Bartering also builds community. We know we might appear a bit touchy-feely regarding this, but one thing being subjected to a real life monster of a natural disaster taught us is that it’s the people around you that count when the going gets tough. We’re all for adding to the number of people we can lean on our spade, shooting the breeze with (thus delaying the front garden weeding for a while). We’ve found (which is akin to donning a white coat and uttering the phrase clinical studies show) sharing a few words and a laugh with someone can make you feel great in a way dollars and cents can’t even get close to. And if the subject of swapping something for some eggs comes up, who are we to complain.

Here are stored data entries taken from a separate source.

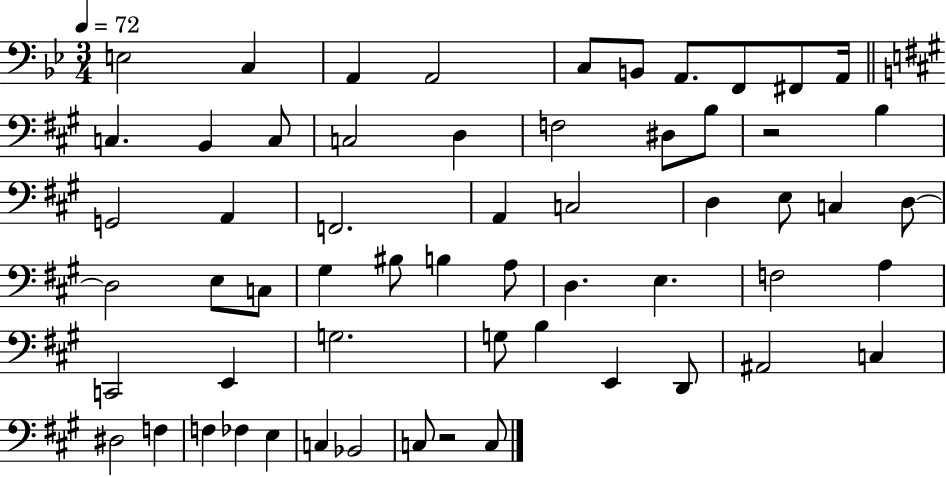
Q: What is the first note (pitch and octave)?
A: E3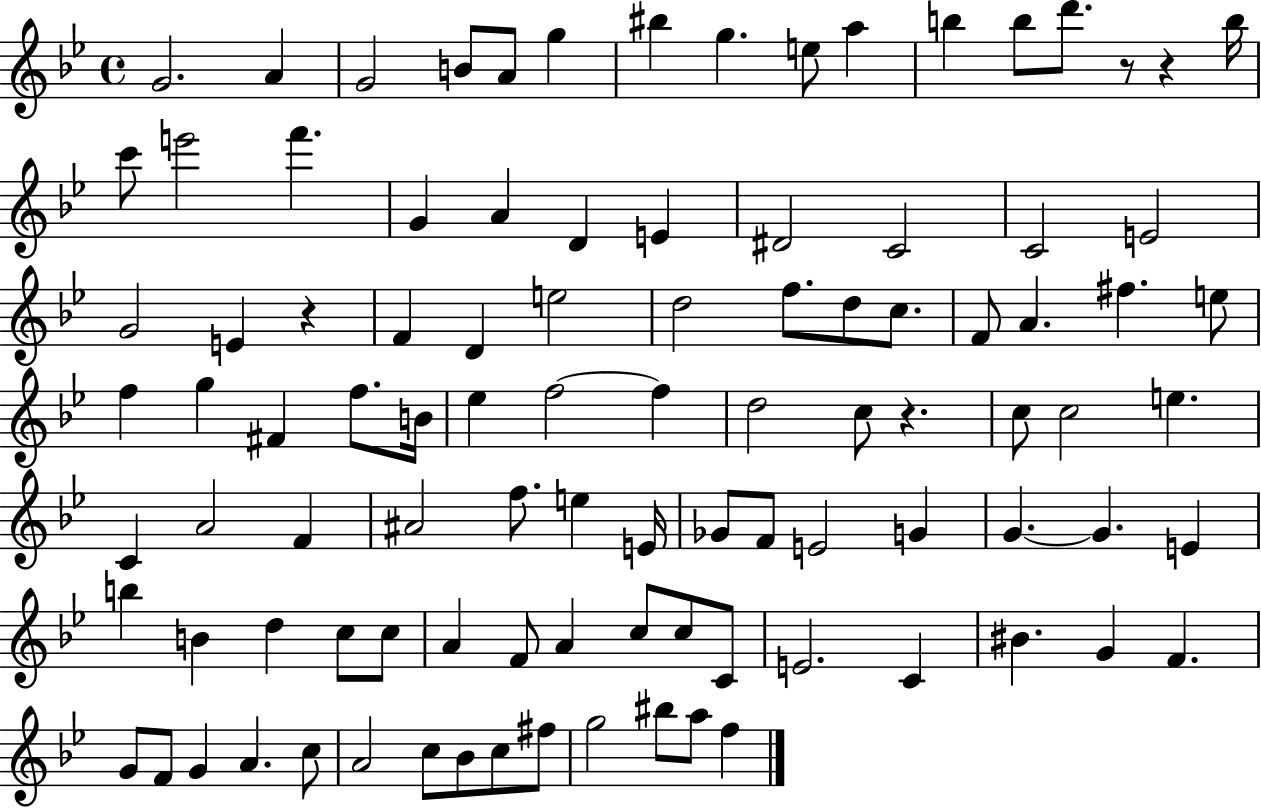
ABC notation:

X:1
T:Untitled
M:4/4
L:1/4
K:Bb
G2 A G2 B/2 A/2 g ^b g e/2 a b b/2 d'/2 z/2 z b/4 c'/2 e'2 f' G A D E ^D2 C2 C2 E2 G2 E z F D e2 d2 f/2 d/2 c/2 F/2 A ^f e/2 f g ^F f/2 B/4 _e f2 f d2 c/2 z c/2 c2 e C A2 F ^A2 f/2 e E/4 _G/2 F/2 E2 G G G E b B d c/2 c/2 A F/2 A c/2 c/2 C/2 E2 C ^B G F G/2 F/2 G A c/2 A2 c/2 _B/2 c/2 ^f/2 g2 ^b/2 a/2 f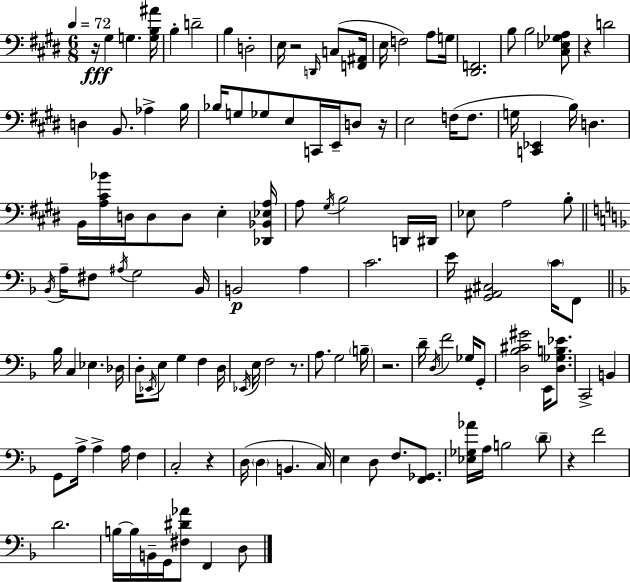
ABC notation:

X:1
T:Untitled
M:6/8
L:1/4
K:E
z/4 ^G, G, [G,B,^A]/4 B, D2 B, D,2 E,/4 z2 D,,/4 C,/2 [F,,^A,,]/4 E,/4 F,2 A,/2 G,/4 [^D,,F,,]2 B,/2 B,2 [^C,_E,_G,A,]/2 z D2 D, B,,/2 _A, B,/4 _B,/4 G,/2 _G,/2 E,/2 C,,/4 E,,/4 D,/2 z/4 E,2 F,/4 F,/2 G,/4 [C,,_E,,] B,/4 D, B,,/4 [A,^C_B]/4 D,/4 D,/2 D,/2 E, [_D,,_B,,_E,A,]/4 A,/2 ^G,/4 B,2 D,,/4 ^D,,/4 _E,/2 A,2 B,/2 _B,,/4 A,/4 ^F,/2 ^A,/4 G,2 _B,,/4 B,,2 A, C2 E/4 [G,,^A,,^C,]2 C/4 F,,/2 _B,/4 C, _E, _D,/4 D,/4 _E,,/4 E,/2 G, F, D,/4 _E,,/4 E,/4 F,2 z/2 A,/2 G,2 B,/4 z2 D/4 D,/4 F2 _G,/4 G,,/2 [D,_B,^C^G]2 E,,/4 [D,_G,B,_E]/2 C,,2 B,, G,,/2 A,/4 A, A,/4 F, C,2 z D,/4 D, B,, C,/4 E, D,/2 F,/2 [F,,_G,,]/2 [_E,_G,_A]/4 A,/4 B,2 D/2 z F2 D2 B,/4 B,/4 B,,/4 G,,/4 [^F,^D_A]/2 F,, D,/2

So much of this world revolves around the concept that being rich means having a lot of money. Here on the Homestead, we’re not totally convinced. If we were to sell something, let’s say, for arguments sake, six beautifully formed, bright yolked, super fresh, truly free range eggs, what would it fetch us in dollar value? Perhaps a dollar an egg; six dollars. How far does that get you in your supermarket shopping? A block and a half of chocolate, a couple of cabbages, a bag of potatoes or maybe four loaves of budget bread. But if you gave us six lemons in return, we’ve got a batch of lemon curd, lemon muffins to be frozen for off-Homestead lunchboxes, a bottle of lemon essence and a wafer-thin slice or two left over to float in the lunchtime cuppa.
It just makes sense!
So, coming soon: the Union Homestead Barter Shop. Not a lot of good to our far-flung friends admittedly, but it does get the word out.